About this task: Below is a listing. Return the lines from the one that contains "Vista 2 Infantil" to the one that contains "Antique Prisms, Set", both ends included, verbatim and with no pictures.

━━━ Dataset records

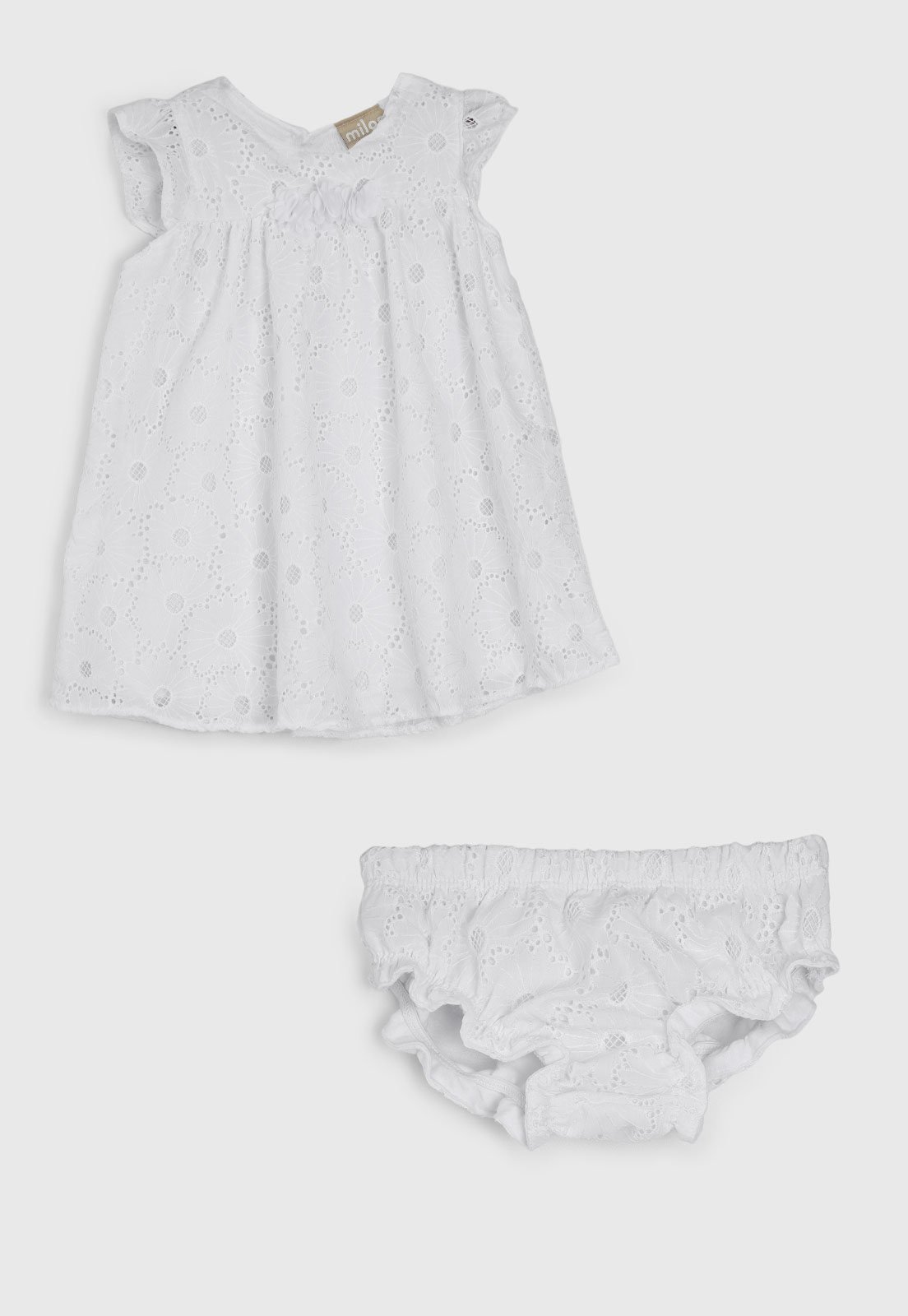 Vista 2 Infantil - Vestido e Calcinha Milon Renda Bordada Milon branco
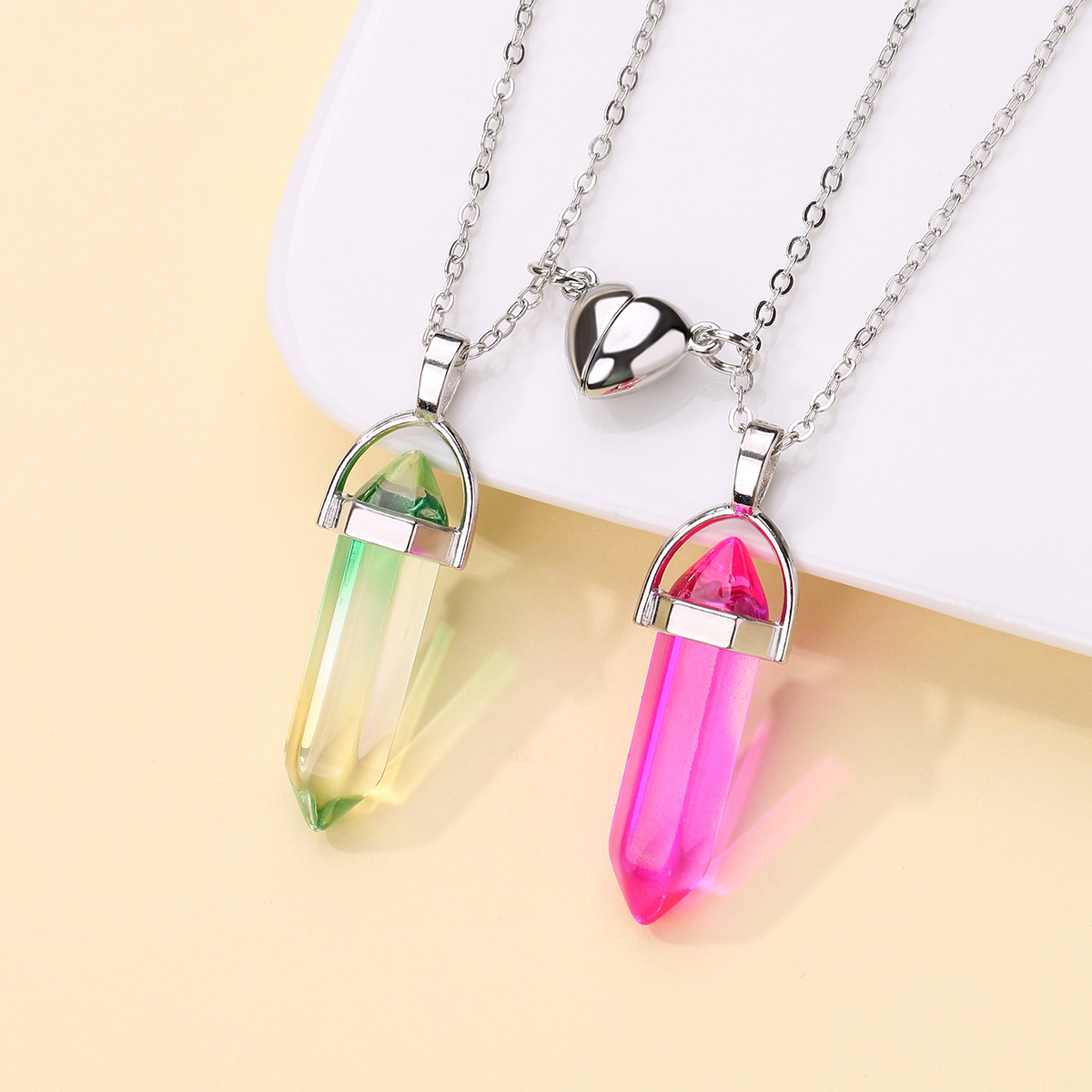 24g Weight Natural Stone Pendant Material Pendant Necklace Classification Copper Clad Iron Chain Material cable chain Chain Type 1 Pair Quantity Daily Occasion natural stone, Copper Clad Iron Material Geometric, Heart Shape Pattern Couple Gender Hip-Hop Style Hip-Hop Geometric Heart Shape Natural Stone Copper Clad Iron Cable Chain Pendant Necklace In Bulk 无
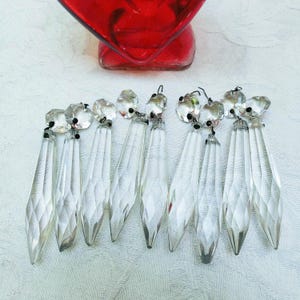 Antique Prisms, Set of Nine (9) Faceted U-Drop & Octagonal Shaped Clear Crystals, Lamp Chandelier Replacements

━━━━━━
━━━ Dataset records

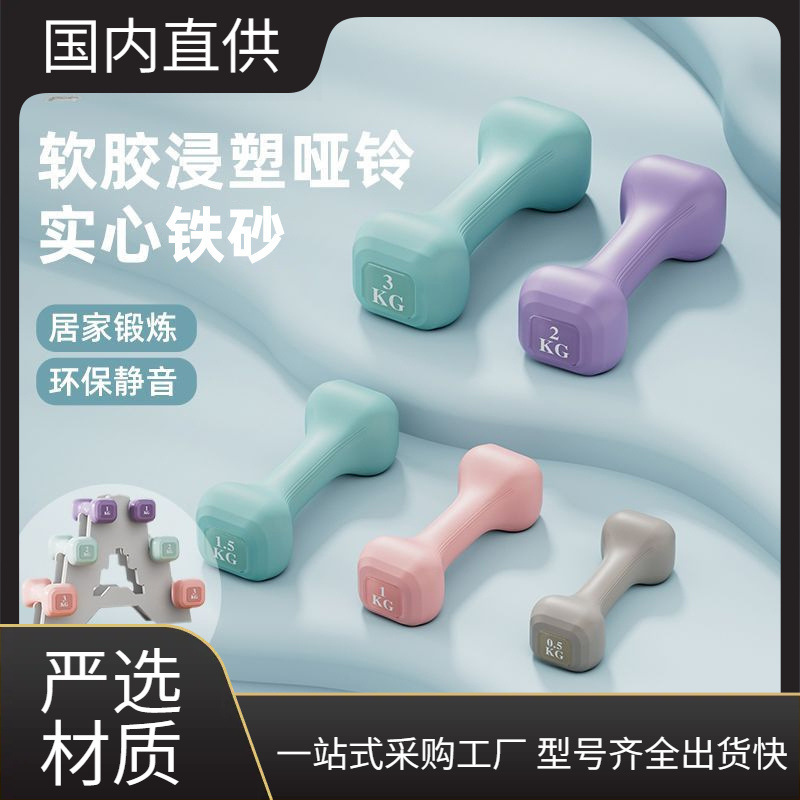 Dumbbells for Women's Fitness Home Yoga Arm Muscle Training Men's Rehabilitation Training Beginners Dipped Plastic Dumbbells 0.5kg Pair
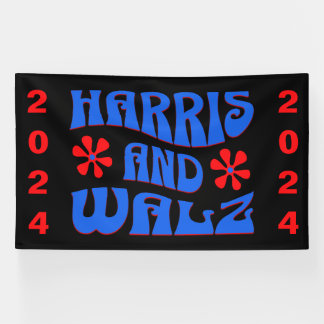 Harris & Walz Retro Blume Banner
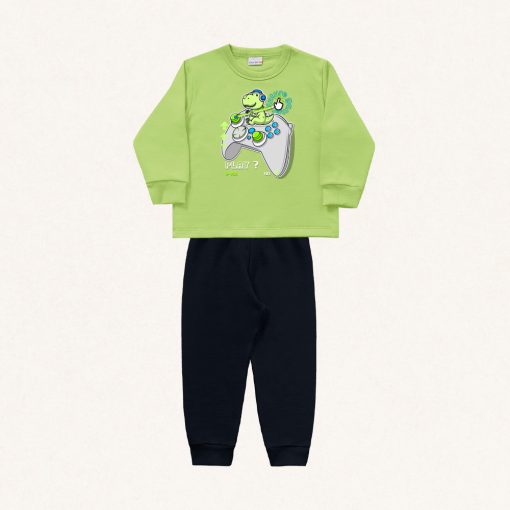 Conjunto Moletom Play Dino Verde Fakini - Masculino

━━━━━━

Expected output:
 Vista 2 Infantil - Vestido e Calcinha Milon Renda Bordada Milon branco
 24g Weight Natural Stone Pendant Material Pendant Necklace Classification Copper Clad Iron Chain Material cable chain Chain Type 1 Pair Quantity Daily Occasion natural stone, Copper Clad Iron Material Geometric, Heart Shape Pattern Couple Gender Hip-Hop Style Hip-Hop Geometric Heart Shape Natural Stone Copper Clad Iron Cable Chain Pendant Necklace In Bulk 无
 Antique Prisms, Set of Nine (9) Faceted U-Drop & Octagonal Shaped Clear Crystals, Lamp Chandelier Replacements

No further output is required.